After more than a year of aggressive campaigning from the Durham Association of Educators (DAE), the Durham school board approved North Carolina’s first ever meet and confer policy in a surprise 4-3 vote on Thursday night.
The policy approval, which gives the DAE input on district decisions without violating North Carolina’s laws against public sector collective bargaining, was a historic win for organized labor in the anti-union South. But in a Pyrrhic twist, it landed like a loss for the DAE, the district’s majority union whose members stormed out of the board room immediately after the vote.
“After months of thousands of workers being a part of a process, eight people decided on a final policy and totally left workers out of that process,” DAE president Mika Twietmeyer told INDY outside of the Durham Public Schools building.
The disagreement was over just one number, which the DAE and Superintendent Anthony Lewis have been haggling over for months: The percentage of membership necessary for other unions to win seats at the meet and confer table alongside DAE and administrators.
The board’s attorneys advised that they keep that membership requirement low, in order to avoid violating a state law that prohibits the board from giving any one employee group “preferential treatment” through policy (Asheville City Schools’ superintendent recently adopted a meet and confer procedure, which the superintendent can carry out without board approval and thus lacks the permanence of policy).
At Thursday’s meeting, Lewis presented a draft that would give other organizations a seat if they could demonstrate they represent at least 6 percent of non-administrative staff. The DAE’s draft called for 30 percent. No DPS organization other than DAE has demonstrated enough support to reach either of those thresholds.
The board ordinarily views draft policies at two meetings before voting on them, and most board members seemed ready to step back and let Lewis and the DAE come back with an agreement on that number. (During a recess in the proceedings, Lewis even pulled a chair up in front of Twietmeyer and quietly asked if she would be willing to meet again. Twietmeyer agreed, as long as the meetings would be part of the public record.)
But the board still haggled over that number for 40 minutes until veteran board member Natalie Beyer made the surprise move to call the policy for a vote without a later second reading. Beyer was the most persistent in arguing for keeping the threshold to six percent, as strongly suggested by the board’s attorney. She pointed out that the board, and its attorney, would ultimately be the ones to answer to the state for any broken laws.

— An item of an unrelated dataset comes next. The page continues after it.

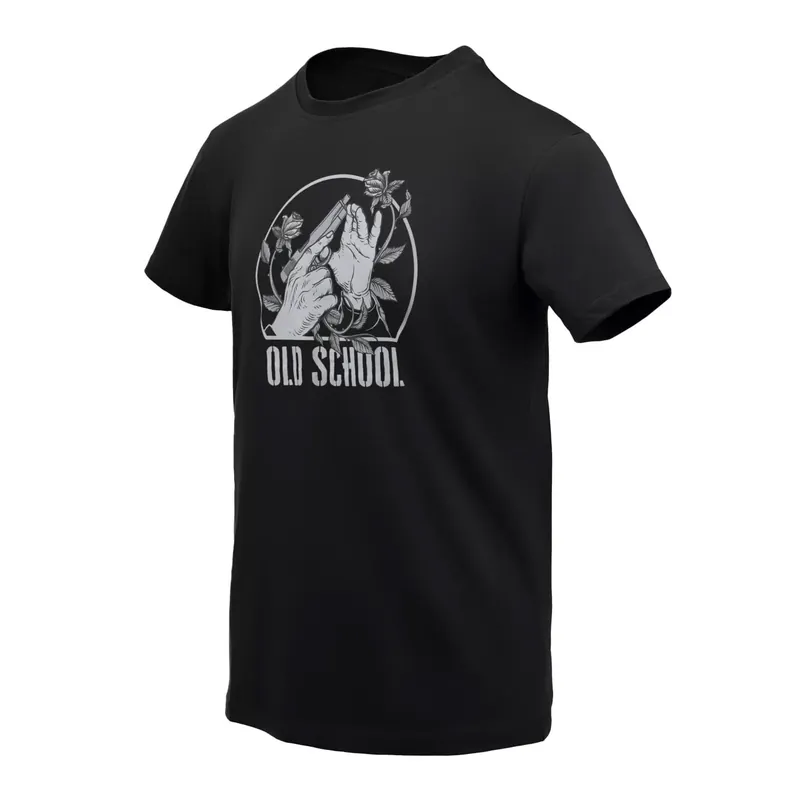 Odeslání Ihned Triko OLD SCHOOL ČERNÉ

“We didn’t write it, we don’t like it,” Beyer said of the state law. “But we are trying to give a win to our education association.”
Board members, caught off guard, sat and processed Beyer’s motion for 14 seconds before Millicent Rogers moved to second it.
Beyer and Rogers were clearly frustrated with a process that has consistently been tense, but has only recently turned truly contentious. Beyer specifically mentioned a March meeting between the superintendent and the DAE, at which a room of over 100 red-shirted educators hissed and jeered at the superintendent as he sat at table with over a dozen DAE representatives.
Even board member Joy Harrell Goff, who spoke in support of the DAE policy at the beginning of that meeting, called the later parts of the encounter “very uncomfortable,” and “not our best moment.”
Since that meeting, communications have continued to break down as the DAE and members of the board have invited each other to more meetings while declining the other’s invitations.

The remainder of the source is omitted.